We are in a transition; we had a very hectic time during election, and the elections are over, the winners are constituting their cabinets. What we need to do is to wait and see what will come out from various governors and the federal government. We have this problem of insecurity, which I understand is being tackled now. Banditry has taken over a substantial part of the north, but I believe that the police are on top of the matter.

Kidnapping is all over; we used to hear about it in the South, which started in the Niger Delta, but it has come to the North. We are told that kidnapping was deliberately brought to the North to destabilise the region.

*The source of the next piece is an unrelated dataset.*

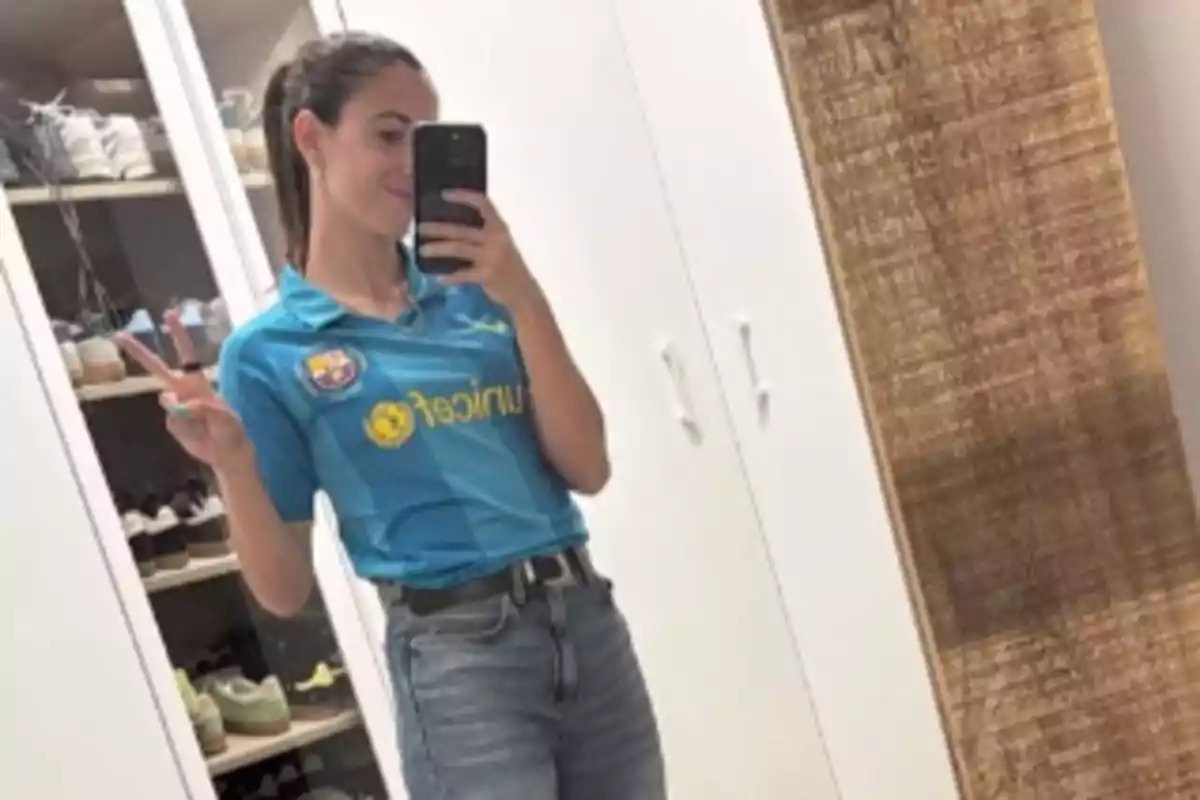 Aitana se ha enfundado la camiseta suplente de 2007-08, la primera que tuvo del Barça Aitana se ha enfundado la camiseta suplente de 2007-08, la primera que tuvo del Barça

It is a very worrisome situation because if you talk about poverty in the North and when you add kidnapping, which is preventing farmers from attending to farms, then the issue of poverty is going to be compounded.

I hope the security agencies should be up and doing, but more than that, I believe that community leaders should also get up and tackle this issue before it is too late. This is putting a very big question mark on the future of this country because if insecurity is what we can boast of; if robbery, kidnapping, rustling are what we can boast of, then a big question mark is put on the future of Nigeria.

Talking about kidnapping, it is becoming alarming in the Southwest, and the victims allege that herdsmen are responsible

You cannot doubt anything. People will not talk about what they have not seen or heard. I have heard about it, but I have been told authoritatively that when you hear them speak, the Fulani language they speak is alien to Nigeria; it is Fulani language of some parts of West Africa.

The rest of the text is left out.